Women have good reason to worry about retirement finances – they tend to live longer than men, have lower pensions and are more likely to become widowed and need long-term care. That means that for women, in particular, delaying the start of taking their Canada Pension Plan (CPP) retirement benefits from 65 until 70 makes a lot of financial sense.
The mathematical case for delaying CPP is clear: Starting CPP benefits at the age of 70 instead of 65 will increase a person’s CPP pension by 42 per cent. For example, if a 65-year-old woman named Gaby is entitled to a CPP pension of $10,000 a year, she would get a pension equivalent to $14,200 a year (or possibly even higher, depending on wage inflation) if she delays taking the benefit until the age of 70.
If Gaby has sufficient registered retirement savings plan (RRSP) savings to bridge the five-year gap ($14,200 for five years), from an unbiased academic perspective, this is undoubtedly the best strategy. Not only will it give her the most bang for her buck, but it will also give her the greatest financial security in retirement.
Despite the evidence above, few people actually do it.

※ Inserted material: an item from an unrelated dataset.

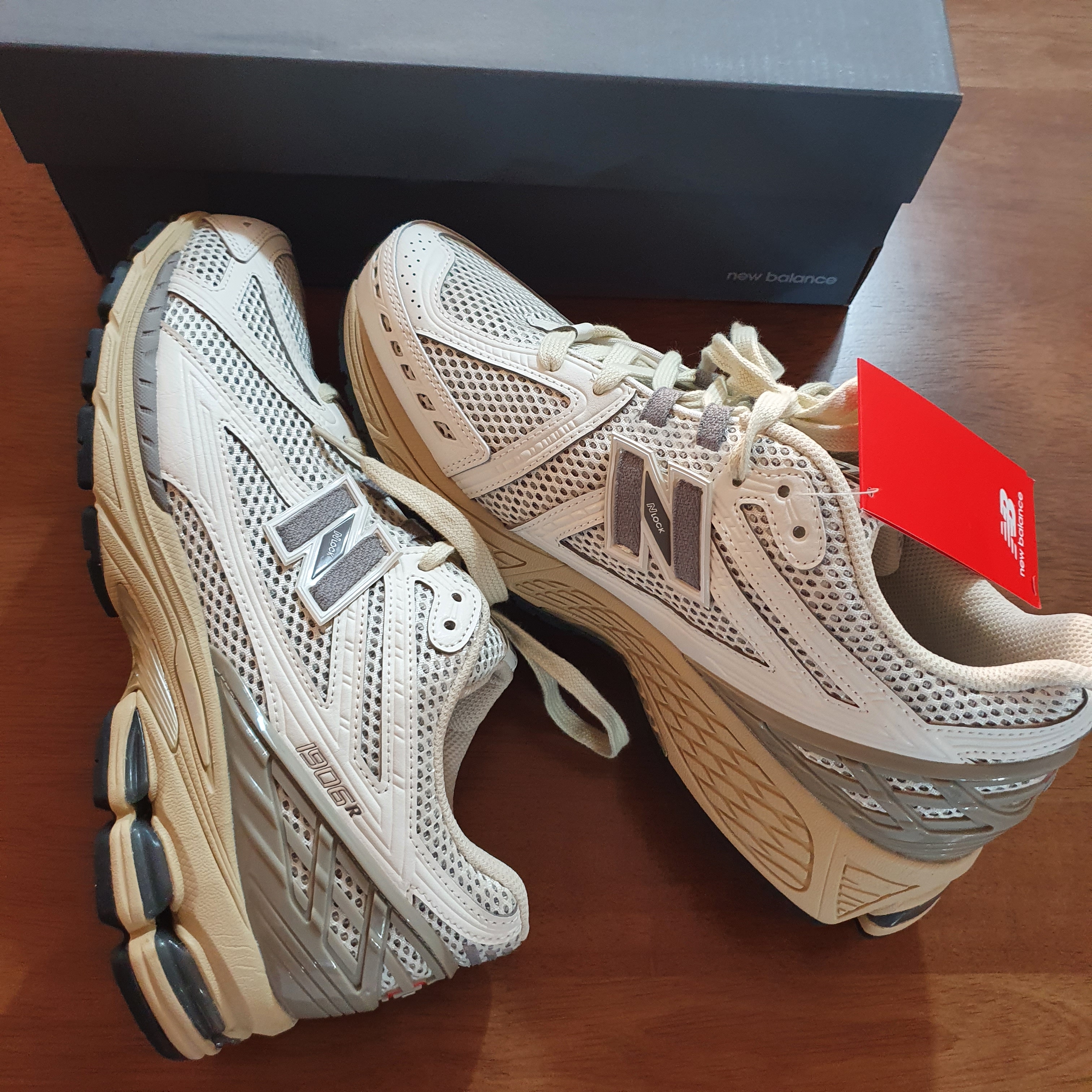 New Balance 1906R White Gray 착용 스타일 - 1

Why is the idea so unpopular?
One big reason is that when deciding whether to delay CPP, people mentally gamble on how long they think they will live. So if Gaby thinks she’ll live until 75, starting CPP benefits at 65 seems to be the better bet: Ten payments of $10,000 ($100,000) is more than five payments of $14,200 ($71,000).

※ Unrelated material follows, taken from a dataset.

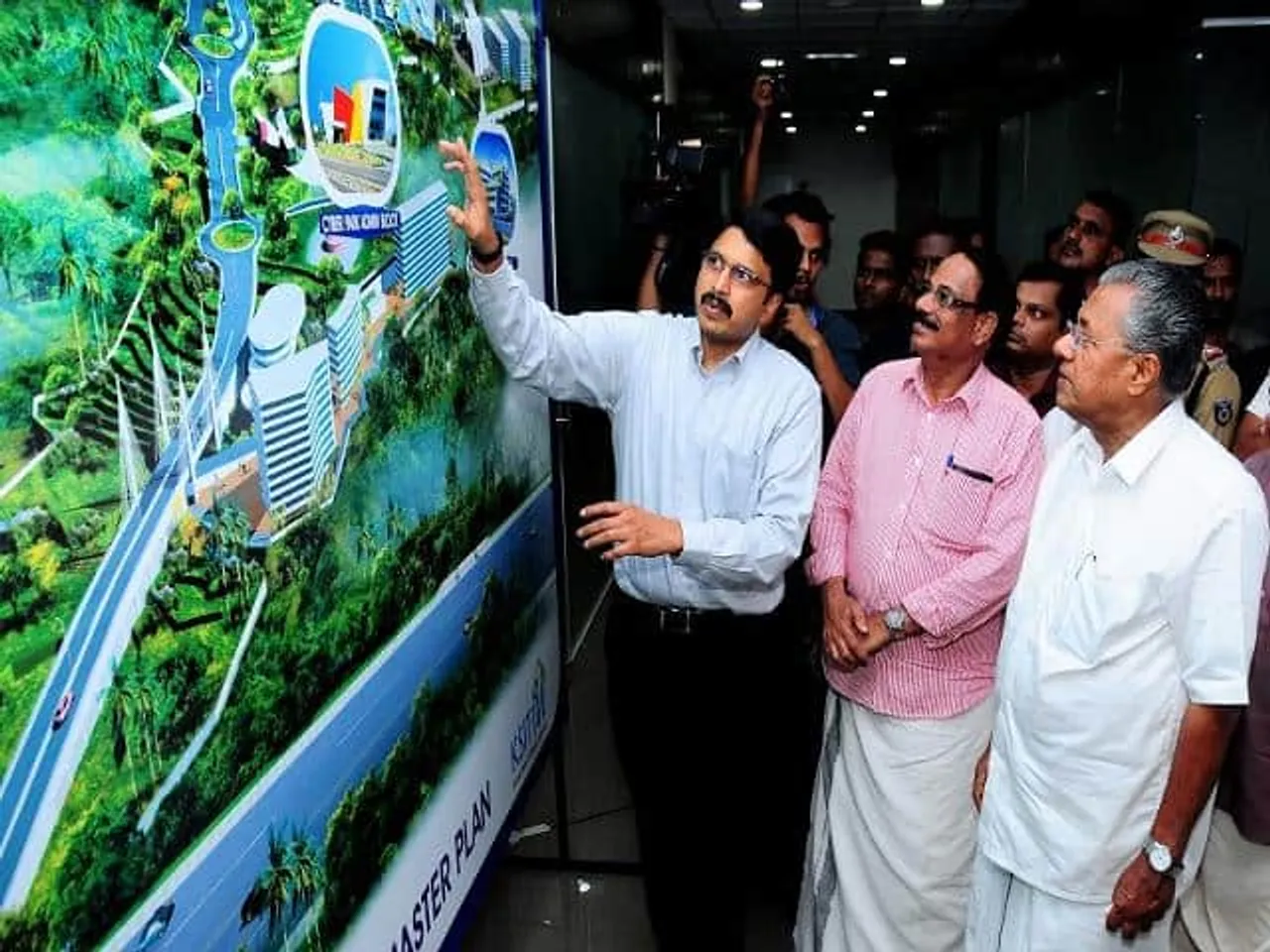 Kerala CM inaugurates first IT building at Cyberpark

The problem with this gambling mentality is that people often underestimate their age of death. Most Canadians will live well beyond 75, especially women. Canada’s Chief Actuary finds today’s 65-year-old Gaby can expect to live at least another 22 years, to 87 – three years longer than if she were male.

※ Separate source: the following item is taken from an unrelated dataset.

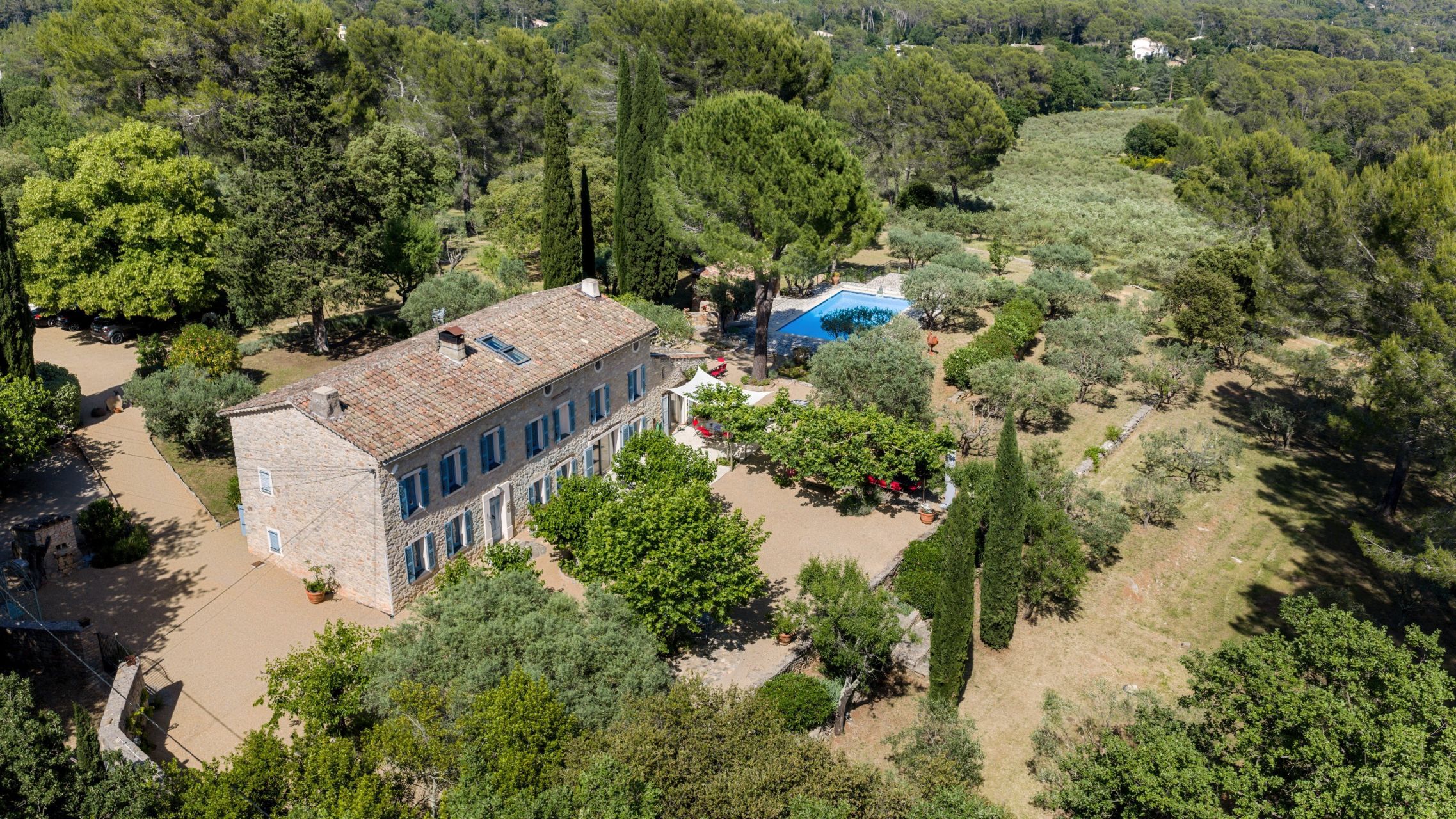 bastide 8 Rooms for sale on LES ARCS (83460)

So, even from a mental gambling perspective, the better “bet” for a woman expected to live longer, like Gaby, is to delay CPP to 70, since 22 payments of $10,000 ($220,000) is less than 17 payments of $14,200 ($241,400).
The expected return on deferring CPP benefits by five years is approximately 6 per cent (equivalent to an 8-per-cent gross return with typical investment fees), an attractive return in today’s tough environment.
Mental gambling also ignores financial risk. There are three major reasons why retirement financial planning does not work out the way that we hope: poor investment returns, high inflation and living longer than we think we will (and running out of money).
Delaying CPP benefits and using RRSP savings to bridge the gap from the age of 65 to 70 is one of the best ways to protect against these risks. Here’s why:
- 1. Investment return risk is minimized, since Gaby would (prudently) invest the portion of her RRSP savings to be used in the next five years in less risky assets.
- 2. Inflation can erode income by more than half after 25 years of retirement (2 per cent a year, compounded over 25 years). But since the CPP is indexed to inflation, this risk is eliminated.
- 3. The CPP is guaranteed by the government to pay out until death, wiping out the financial risk of living longer than we think. There’s no better guarantee available on the market.
Better return, lower risk
In a nutshell, delaying CPP improves expected returns and reduces risk. It also provides peace of mind. Women tend to be more risk averse, preferring to invest in less-risky assets and have more guaranteed income – and this strategy provides both.
A boost in secure income can become critical for women, who have a much greater likelihood of widowhood poverty and needing nursing home care. Many will live to advanced ages, when developing a chronic, debilitating health condition is a strong possibility. It’s not a pleasant topic, but we all need to consider the possibility of being alone – and dependent – in retirement.
Finally, the stress of managing savings can become more burdensome with age. Having accessible savings can expose seniors to fraud – and well-meaning but insensitive relatives looking for a “loan.”
While most women will benefit from delaying taking CPP benefits, there is an important exception: women who expect to get the Guaranteed Income Supplement (GIS). CPP benefits reduce GIS benefits, and research by the C.D. Howe Institute suggests GIS recipients may want to take CPP as soon as they turn 60.
In addition, low-income seniors are much more likely to die younger than higher-income seniors, so the better “bet” may be to start CPP benefits sooner.
Of course, there are other reasons why delaying CPP payments and using savings to cover the gap might not be the right strategy. Maybe Gaby is planning to leave a legacy to her family, believes her retirement will be short (because of illness) and has her savings in vehicles other than RRSPs. It’s not a simple calculation – even small changes in her personal circumstances can have a big impact on this decision.
As an actuary and researcher, I am wary of one-size-fits-all financial planning strategies. But delaying CPP from the age of 65 to 70 is generally a smart idea for retirees – especially women – who have enough RRSP savings intended for retirement income.
My advice to women? Enjoy more of your RRSP savings as a young and healthy senior, and let the government take care of you in your old age.
Bonnie-Jeanne MacDonald, PhD FSA, is an academic researcher at Dalhousie University in Halifax, and resident scholar at Eckler Ltd.